Nach den Wahlen : Was machen die Grünen?

Die Grünen sind einer der klaren Sieger der drei Landtagswahlen vom Sonntag. Doch die Zugewinne bringen die Partei auch in Schwierigkeiten. Wie wollen sie ihre neue Machtposition nutzen?

Hans Monath

Um Unabhängigkeit sollte es gehen am Tag nach den drei Landtagswahlen. Grünen-Chefin Claudia Roth und Spitzenkandidatin Renate Künast präsentierten sich in Berlin zusammen mit ihren erfolgreichen Wahlkämpfern aus dem Saarland, aus Sachsen und Thüringen. Für den saarländischen Grünenchef Hubert Ulrich ging es vor allem um eines: die Eigenständigkeit seines Landesverbandes gegenüber der herrschenden Meinung der Bundespartei.

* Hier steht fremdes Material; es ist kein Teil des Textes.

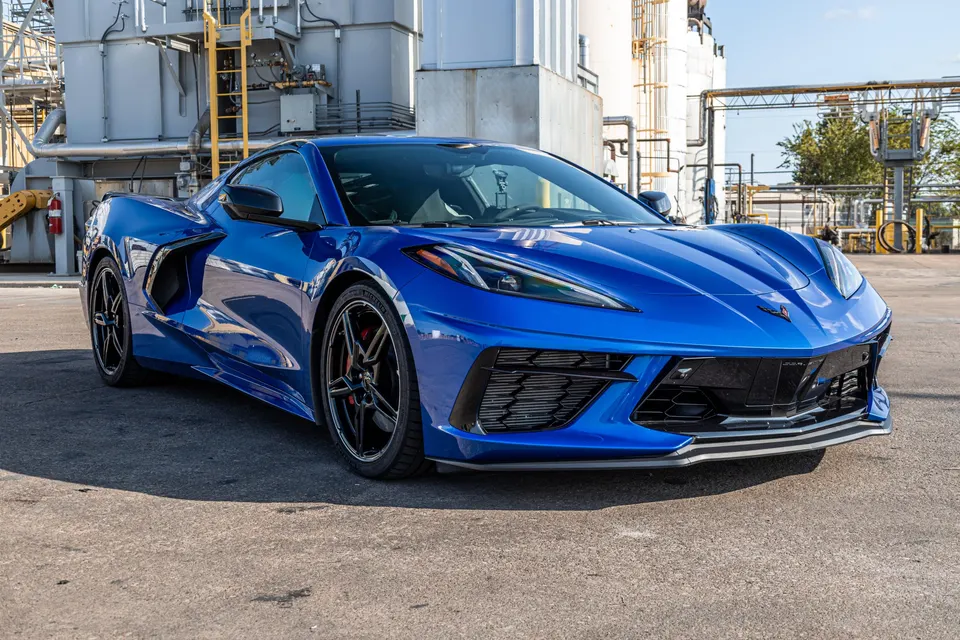 Blue Chevrolet Corvette C8 parked outdoors with an industrial building in the background, showcasing its sleek design.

Mit Blick auf eine mögliche Jamaika-Koalition mit Union und FDP in Saarbrücken hätten die Bundespolitiker seiner Partei nun einmal „eine etwas andere Brille auf als wir vor Ort“, befand Ulrich. Von dringenden Berliner Warnungen vor einer Jamaika-Koalition fühle sich sein Landesverband „überhaupt nicht eingeschränkt“ in seiner Absicht, nun mit allen möglichen Partnern zu verhandeln, versicherte er.

Durch die „etwas andere“ Brille der Bundesgrünen gesehen, ist das Interesse am weiteren Ausgang der Verhandlungen um die Regierungsbildung in Saarbrücken und auch in Erfurt eindeutig. Den Wahlsonntag deutet die Bundesspitze als „Anfang vom Ende des vermeintlichen Siegeszuges von Frau Merkel“ (Roth). Die Kampfansage an Schwarz-Gelb würde aber unglaubwürdig, falls eine Grünen-Fraktion einem von Verlusten gebeutelten CDU-Landesverband zu weiteren Regierungsjahren verhelfen würde. Parteichefin Roth betonte denn auch, es sei ausgeschlossen, „dass wir Mehrheitsbeschaffer sind für eine Politik, die keine Mehrheit bekommen hat und die krachend verloren hat“. Zwar gibt es durchaus wertkonservative Grünen-Politiker und Grünen-Wähler. Die Union ist aber zum Hauptgegner im Wahlkampf erklärt worden, dessen erstes Ziel die Verhinderung einer schwarz-gelben Mehrheit ist.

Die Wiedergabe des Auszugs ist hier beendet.